[STUDY MATERIAL]
▬▬▬▬▬▬
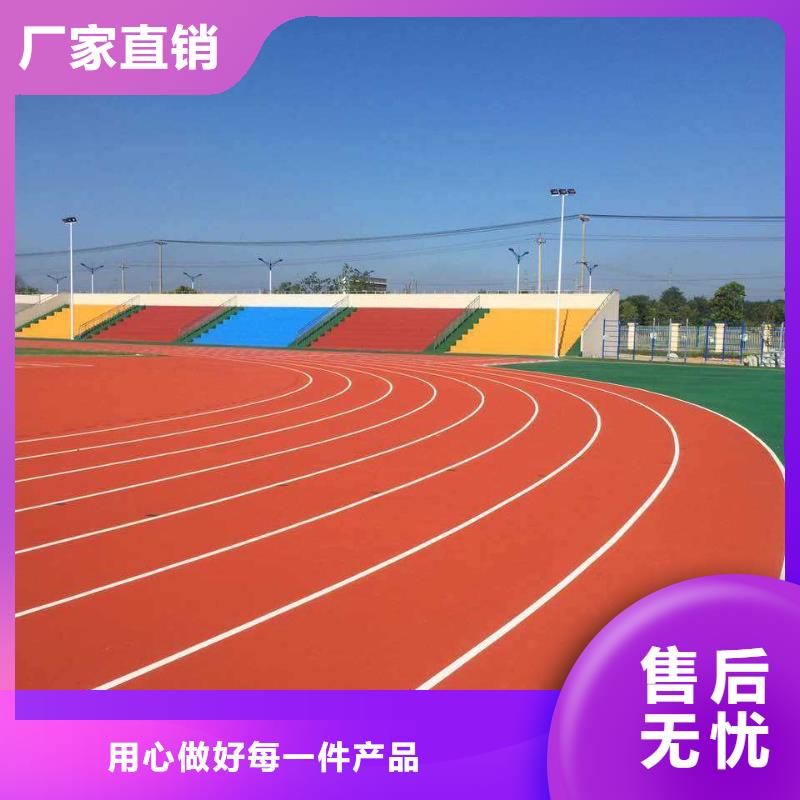 塑胶跑道品牌企业【当地】公司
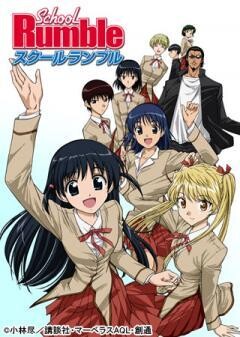 スクールランブル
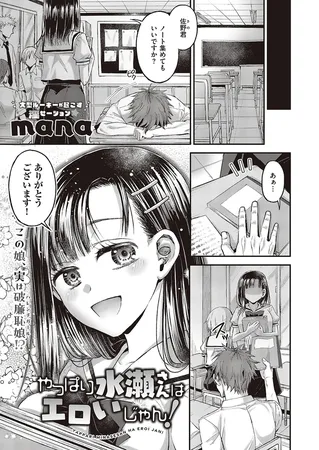 やっぱり水瀬さんはエロいじゃん!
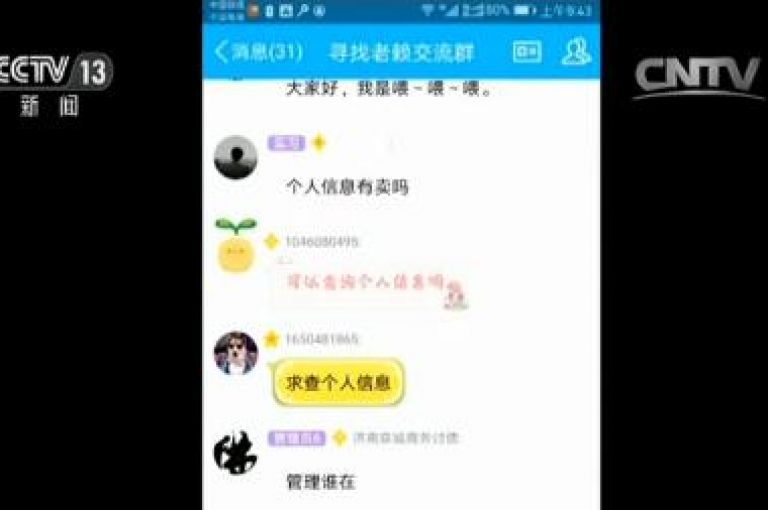 无需费用的拼多多互帮QQ群，专为拼多多助力活动打造。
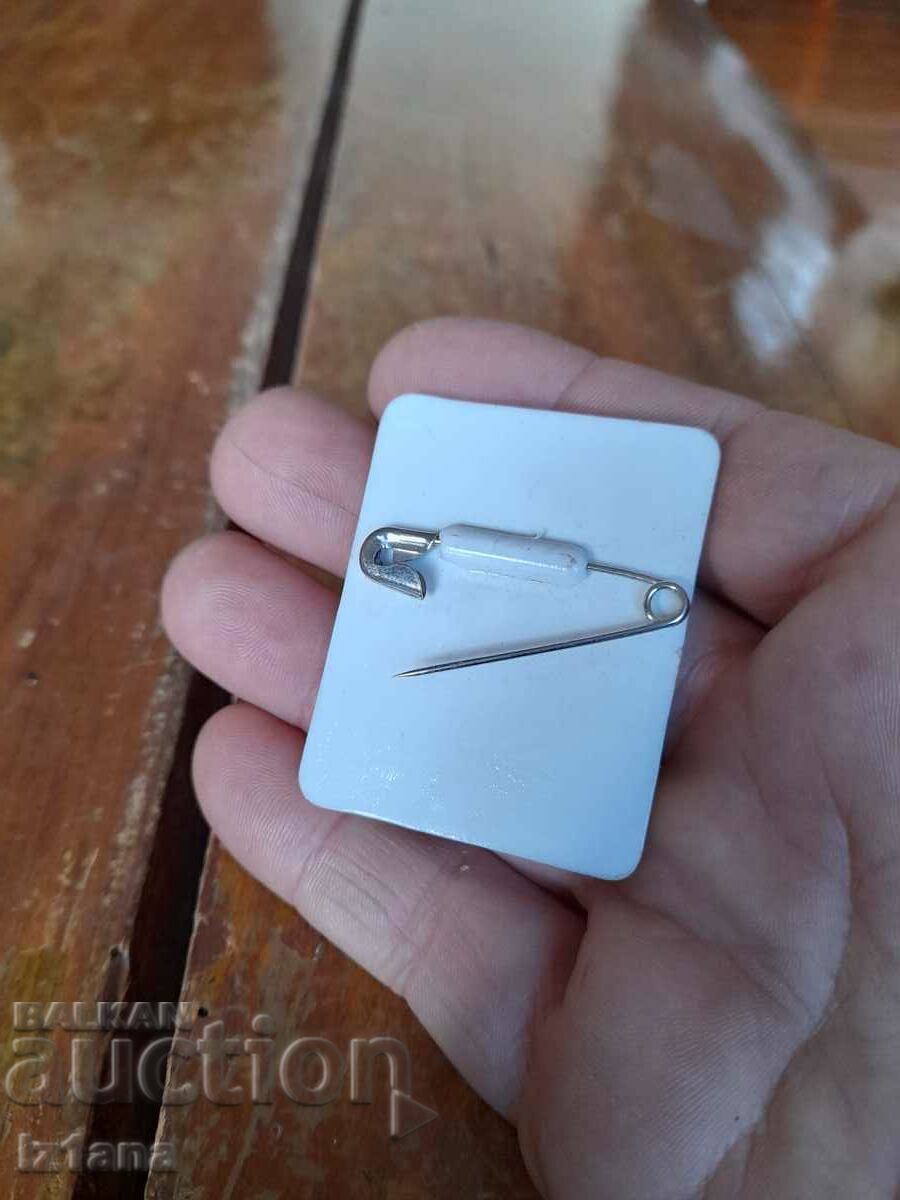 Auction  Badge Exhibition of the Economy of SR Serbia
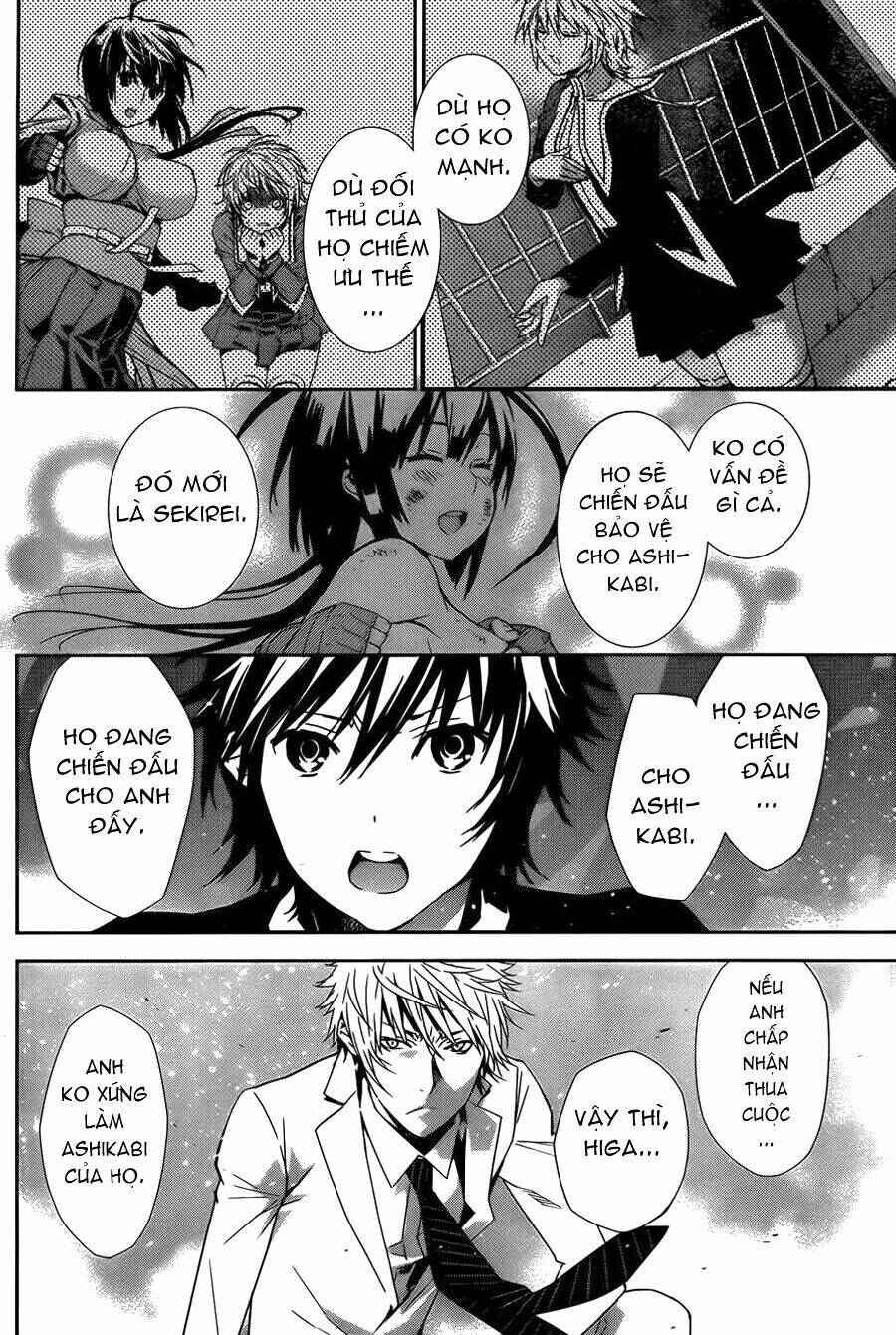 Chapter 156 - Page 14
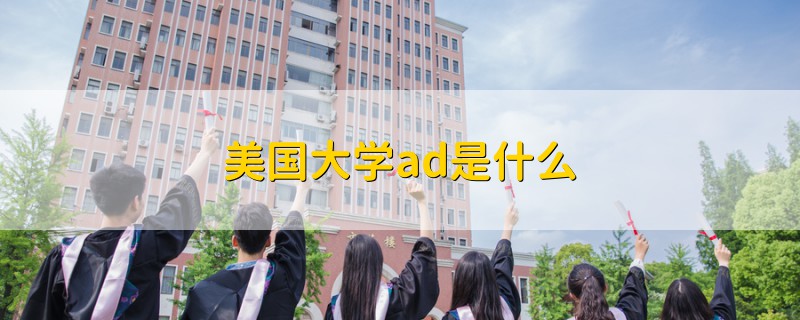 美國大學(xué)ad是什么
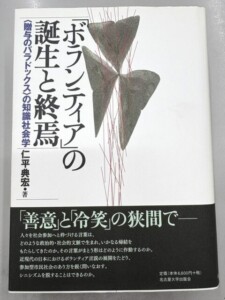 ボランティアの誕生と終焉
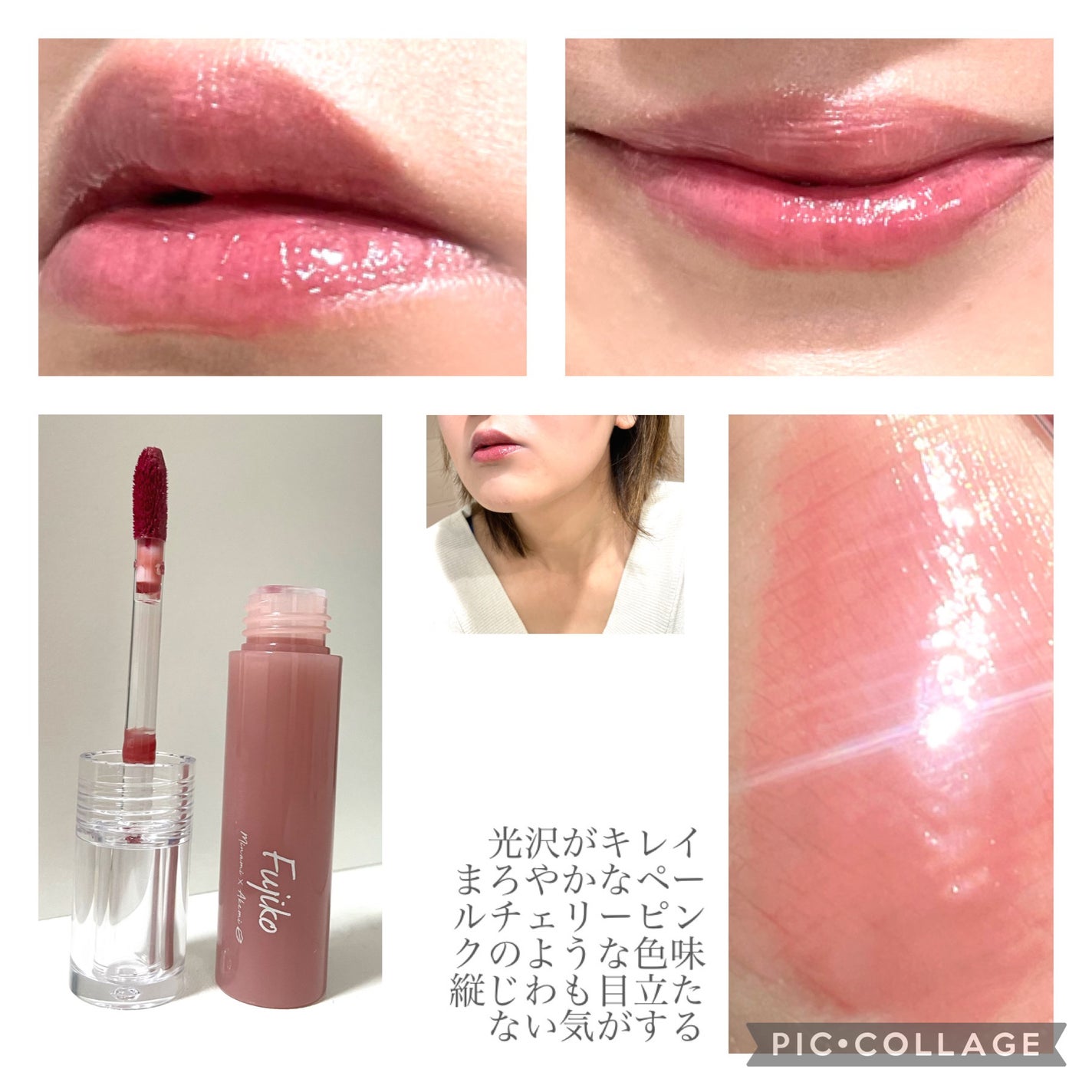 ニュアンスラップティント/Fujiko/リップティントを使ったクチコミ(3枚目)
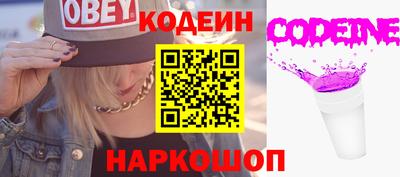 гашик Конаково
▬▬▬▬▬▬
[TASK DETAILS]
A word-for-word copy is needed of the lines from the line with "无需费用的拼多多互帮QQ群，专为拼多多助力活动打造。" through the last line of the entries above, with both ends kept and the pictures dropped.

[OUTPUT OF THE TASK]
 无需费用的拼多多互帮QQ群，专为拼多多助力活动打造。
 Auction  Badge Exhibition of the Economy of SR Serbia
 Chapter 156 - Page 14
 美國大學(xué)ad是什么
 ボランティアの誕生と終焉
 ニュアンスラップティント/Fujiko/リップティントを使ったクチコミ(3枚目)
 гашик Конаково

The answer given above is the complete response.